Originally sworn to plain apparel and few possessions, the Knights over time became wealthy and influential, and were granted extensive lands in Hungary, Prussia, Livonia and Italy. (Picture them like the Knights Templars in Sir Walter Scott's Ivanhoe.) Eventually the Knights lusted for more and more land, whether or not it was occupied by pagans: hence events such as the invasion of Lithuania described in this episode.
Henry Sienkiewicz, author of Quo Vadis, described the Teutonic Knights as they appeared to their neighbors ca. 1399:
Our affairs are in a bad condition and it cannot be otherwise with such neighbors [as the Knights]! Apparently it is the time of peace; they exchange ambassadors and letters, but notwithstanding all that nobody can be sure of anything. The one who lives on the borders of the kingdom, never knows when he goes to bed in the evening, whether he will awaken in fetters, or with the blade of a sword in his throat, or with a burning ceiling over his head. ... Neither the weak nor the powerful can agree with the Order, because the knights despise the weak and try to ruin the mighty.
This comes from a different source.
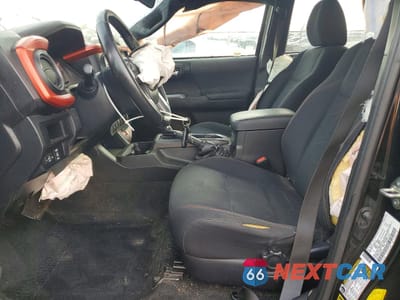 Zdjęcie 7 z 13 samochodu: 2016 TOYOTA TACOMA DOUBLE CAB VIN:3TMCZ5ANXGM034321 - miniatura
Good deeds they repay with evil ones. Is there anywhere in the world another order which has received as many benefits from other kingdoms as the knights have received from Polish princes? And how have they repaid? With threats, with devastation of our lands, with war and with treachery.... [I]n their hearts they are always plotting means to annihilate this kingdom and the whole Polish nation. -- Henryk Sienkiewicz, The Teutonic Knights (Krzyzacy), tr. Samuel A. Binion, 1899
Jagiello in Cracow
Ignacy Jan Paderewski had two passions: the piano and his native Poland. As a child he resolved that he would commission a monument to the 500th anniversary of King Jagiello's victory at the Battle of Grunewald. Decades later, as a world-famous pianist, he sponsored a competition for such a sculpture. The winning entry, in granite and bronze, shows 4 life-size groups around the base that represented scenes from the Battle of Grunwald. At the top is Jagiello, armored but with his sword at rest. To the hundreds of thousands who came to the statue’s dedication, Paderewski declared:
It is our ardent desire that each Pole and each Lithuanian, all the sons of Poland within her ancient boundaries as well as all the Poles across the seas, shall look at this monument as a sign of future unity, an evidence of universal glory, and, prompted by a strengthened faith, a prophecy of better times. – Paderewski, 1910No wonder the Nazis felt threatened by Jagiello!
Richard Gleaves wrote the exceedingly catchy melody with a Slavic ring that’s perfect for Jagiello. The music and the animated Teutonic Knights marching into Lithuania make this one of my favorite episodes. When I listen to other episodes, I typically remember the parts of Outdoor Monuments of Manhattan that I cut to fit the restraints of an app format. But when I read the essay on Jagiello in Outdoor Monuments, I hear the music from this episode.